Any broker or underwriting manager who tries to formulate a business plan for 2009 has an impossible task at the moment. The situation illustrates the undesirability of legislating by regulation when the statute itself gives no guidance regarding the scope of the regulations, notes Patrick Bracher, Director, Deneys Reitz Inc.
The Insurance Laws Amendment Act, 2008 has been gazetted but has yet to come into force. It cannot be brought into force until the regulations under the Act have been published. Draft regulations have not yet appeared for comment.
“Before the Amendment Act you could have two types of activities performed on behalf of an insurer by a third party,” he explains. “The third party could be a broker intermediating between insurer and policyholder and performing certain tasks relating to entering into policies, collecting of premiums or submitting and processing of claims in exchange for specific regulated commission earnings.

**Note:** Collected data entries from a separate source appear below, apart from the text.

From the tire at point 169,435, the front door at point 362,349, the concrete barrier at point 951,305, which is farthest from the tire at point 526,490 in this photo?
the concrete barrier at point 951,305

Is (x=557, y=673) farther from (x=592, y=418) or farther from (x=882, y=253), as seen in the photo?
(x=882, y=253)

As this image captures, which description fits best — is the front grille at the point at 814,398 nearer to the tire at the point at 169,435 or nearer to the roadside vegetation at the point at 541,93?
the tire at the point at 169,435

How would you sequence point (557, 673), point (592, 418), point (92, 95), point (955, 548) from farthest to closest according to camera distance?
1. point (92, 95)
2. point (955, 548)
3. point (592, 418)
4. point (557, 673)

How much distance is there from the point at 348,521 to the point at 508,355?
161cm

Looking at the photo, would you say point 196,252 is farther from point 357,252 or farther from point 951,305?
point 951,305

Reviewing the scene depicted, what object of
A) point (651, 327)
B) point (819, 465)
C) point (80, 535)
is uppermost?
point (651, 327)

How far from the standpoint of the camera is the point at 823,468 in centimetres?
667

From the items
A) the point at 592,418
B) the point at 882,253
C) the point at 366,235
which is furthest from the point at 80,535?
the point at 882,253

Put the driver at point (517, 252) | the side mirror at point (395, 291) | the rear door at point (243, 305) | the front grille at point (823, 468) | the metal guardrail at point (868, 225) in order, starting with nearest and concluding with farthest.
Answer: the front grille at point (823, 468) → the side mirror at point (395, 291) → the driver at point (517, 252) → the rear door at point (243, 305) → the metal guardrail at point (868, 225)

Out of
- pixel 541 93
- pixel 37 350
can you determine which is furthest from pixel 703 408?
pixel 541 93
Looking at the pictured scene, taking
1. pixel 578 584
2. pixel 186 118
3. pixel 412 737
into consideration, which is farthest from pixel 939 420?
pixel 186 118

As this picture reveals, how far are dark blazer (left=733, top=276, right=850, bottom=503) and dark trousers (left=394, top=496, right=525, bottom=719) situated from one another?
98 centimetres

“The legislation recognised however that there are other people who are not intermediating between insurer and policyholder but who perform activities that the insurer might otherwise perform for itself. These arrangements allowed insurers to outsource functions they would otherwise have to perform themselves. These arrangements developed bodies of expertise in the hands of independent parties. The services were paid for on a rational market-related basis. Ordinarily, intermediaries were subject to limited commission and the others were remunerated according to the services they rendered and the role they played in the entire transaction.”

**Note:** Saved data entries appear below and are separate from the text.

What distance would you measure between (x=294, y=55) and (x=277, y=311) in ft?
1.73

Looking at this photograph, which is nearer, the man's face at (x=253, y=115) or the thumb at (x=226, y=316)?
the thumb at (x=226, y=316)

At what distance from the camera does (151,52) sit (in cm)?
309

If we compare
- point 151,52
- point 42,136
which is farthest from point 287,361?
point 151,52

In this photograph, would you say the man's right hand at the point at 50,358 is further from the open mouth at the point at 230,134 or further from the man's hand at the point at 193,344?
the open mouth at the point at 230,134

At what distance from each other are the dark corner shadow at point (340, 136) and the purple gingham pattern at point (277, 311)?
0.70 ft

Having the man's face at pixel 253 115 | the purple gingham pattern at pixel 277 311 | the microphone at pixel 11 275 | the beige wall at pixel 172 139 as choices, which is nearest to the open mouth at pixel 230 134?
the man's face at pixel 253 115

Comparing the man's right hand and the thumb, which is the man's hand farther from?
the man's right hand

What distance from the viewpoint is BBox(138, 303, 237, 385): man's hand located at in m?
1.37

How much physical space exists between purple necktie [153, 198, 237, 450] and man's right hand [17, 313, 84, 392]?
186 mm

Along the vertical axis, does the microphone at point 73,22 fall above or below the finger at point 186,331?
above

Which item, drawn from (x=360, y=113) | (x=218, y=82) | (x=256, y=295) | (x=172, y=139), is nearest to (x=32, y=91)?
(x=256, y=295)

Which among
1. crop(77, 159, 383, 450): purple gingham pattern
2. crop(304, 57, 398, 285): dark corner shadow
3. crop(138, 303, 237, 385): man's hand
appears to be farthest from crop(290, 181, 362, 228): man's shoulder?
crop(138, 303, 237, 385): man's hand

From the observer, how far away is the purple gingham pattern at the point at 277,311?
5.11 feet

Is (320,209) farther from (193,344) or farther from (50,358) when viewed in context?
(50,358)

According to the Amendment Act, he says that intermediary services are remunerated in accordance with the regulations. “As soon as the draft regulations are published, businesses performing the defined services will have to see whether they can survive on the proposed basis and, if not, will have to make urgent and cogent submissions to the authorities drafting the regulations. The authorities no longer appear to be prepared to condone outsourced services for collecting premiums on a market related rather than regulated basis for instance.”
There is no knowing what will happen to those who enter into policies on behalf of insurers under binder agreements or determine policy wordings, premiums or benefits for insurers or settle claims. According to the Amendment Act, their activities must be “in accordance with any requirements, limitations or prohibitions that may be prescribed by regulation”.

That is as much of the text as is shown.